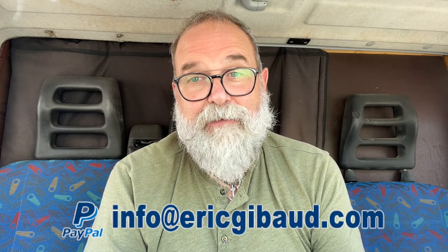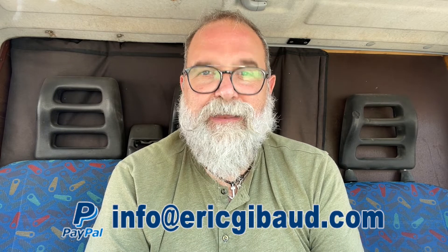Thank you to Olympus and to Tito Garcia for sending me the lens. Thank you for watching. If you feel this may interest other people, please share it on social networks. If you haven't subscribed yet, please subscribe to my YouTube channel — there's a small bell button to click so you get notified when I upload a new video. My website is ericgibaud.com. Leave any questions in the comments below — I'll also leave links to my gear on Amazon, other parts of my YouTube channel, and my PayPal for donations. Thank you very much, take care of yourself, and see you soon.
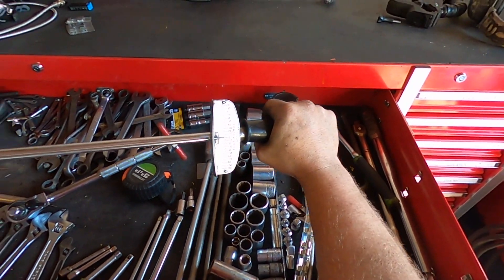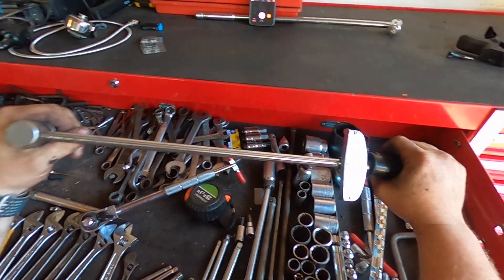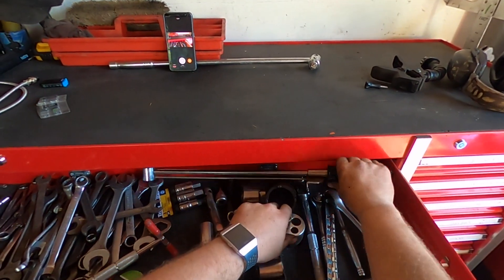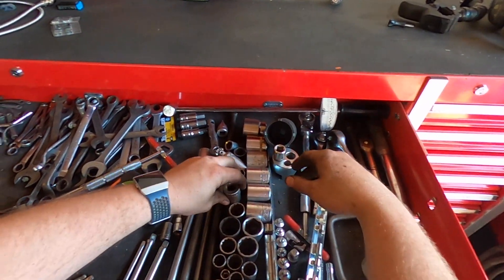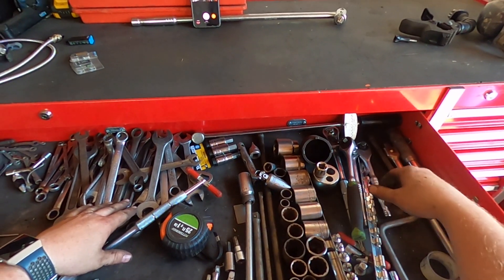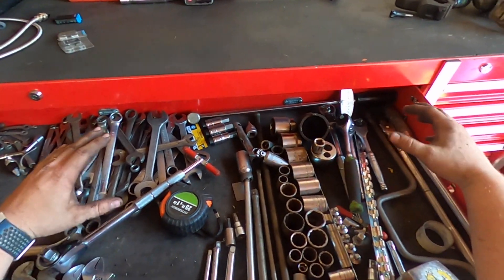You can see how that works — the more torque you put on it the needle moves. How accurate that is, I have no clue, but it works alright. I hardly ever use a torque wrench, I'll be honest. Once you've worked on something enough times, you don't really need one — I can just feel it.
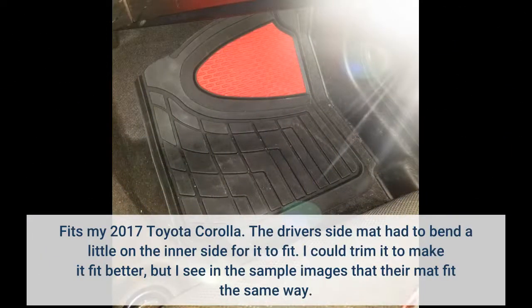Fits my 2017 Toyota Corolla. The driver's side mat had to bend a little on the inner side for it to fit. I could trim it to make it fit better, but I see in the sample images that their mat fit the same way.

• _Directions for this task_: Copy the listing exactly. No images belong in the copy.

• _Reply to the exercise_:
Thank you to Olympus and to Tito Garcia for sending me the lens. Thank you for watching. If you feel this may interest other people, please share it on social networks. If you haven't subscribed yet, please subscribe to my YouTube channel — there's a small bell button to click so you get notified when I upload a new video. My website is ericgibaud.com. Leave any questions in the comments below — I'll also leave links to my gear on Amazon, other parts of my YouTube channel, and my PayPal for donations. Thank you very much, take care of yourself, and see you soon.
You can see how that works — the more torque you put on it the needle moves. How accurate that is, I have no clue, but it works alright. I hardly ever use a torque wrench, I'll be honest. Once you've worked on something enough times, you don't really need one — I can just feel it.
Fits my 2017 Toyota Corolla. The driver's side mat had to bend a little on the inner side for it to fit. I could trim it to make it fit better, but I see in the sample images that their mat fit the same way.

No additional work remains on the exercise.